Nepal - As the emergency phase begins to shift into recovery in Nepal, IOM released a third revised appeal yesterday. The new revised appeal covers activities between April and September 2015 and is in line with the revised OCHA Flash Appeal and IOM’s recovery and reconstruction strategy.
IOM has supported the removal of over 10,500 cubic meters of rubble and in the process generated employment for local communities. © IOM/Eunjin Jeong 2015
Following the second revised appeal on 8 May, the third revised appeal has taken into account the impact of the second earthquake which took place on 12 May and the anticipated impact of the monsoon season, as well as the initial winterization requirement. According to the new appeal, Shelter, CCCM, debris removal, assisted discharge and referral, psycho-social support and protection remains IOM’s priorities for the coming months.
“Given the upcoming monsoon season, it is important that more governments and private donors support IOM’s priority activities that we are rapidly scaling up” said Monica Goracci, Chief of IOM Donor Relations Division.
“There are 2.8 million people in need of humanitarian assistance and 785,075 houses have been either destroyed or damaged,” she continued, emphasizing the urgency of meeting the needs of the earthquake affected villages, which will be further impacted by the Monsoon rains.”
Currently, only a third of the total required amount of USD 39.7 M from the revised appeal has been funded.

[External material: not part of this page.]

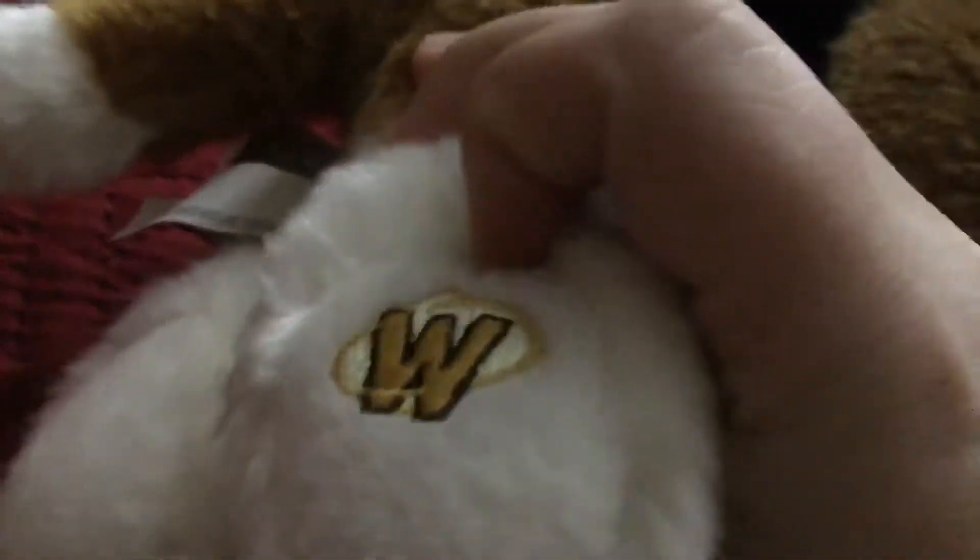Hey guys, today we're gonna do a signature Webkinz collection. They are Webkinz that are slightly bigger than the regulars and have a different color W. The normal ones have the rainbow W, and the signatures have the gold W.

From the onset of the earthquake in Nepal which killed over 8,763 people and injured more than 100,000 people, IOM has been active in the country by responded immediately, using in-country staff (400 members) and rapidly deploying an emergency response team from neighbouring countries, its Regional Office, and Headquarters.
IOM now has an established presence in Sindupalchok (Chautara Municipality) and Gorkha districts, and is setting up a third hub in Dolhaka district (Charikot Municipality). Up to now, IOM has assisted 40,000 families with shelter items, removed 10,500 m³ of debris in Chautara under Cash-for-work programme, and benefitted almost 260 highly vulnerable patients with assisted-discharge programme to home, shelters, and step-down facilities. It also helped IOM to roll out the Displacement Tracking Matrix in 14 districts, feeding the humanitarian community with key information on displacement and needs.
The summary of IOM’s achievements in earthquake response as of 5 June can be found here.
- Camp Coordination and Camp Management (CCCM): As CCCM Cluster co-lead, IOM has deployed its Displacement Tracking Matrix across all 14 worst-hit districts, monitoring mobility dynamics and assessing humanitarian needs; supported site management and improvement of existing sites; and identified 18 potential new temporary displacement sites in support of the Government’s monsoon season contingency planning.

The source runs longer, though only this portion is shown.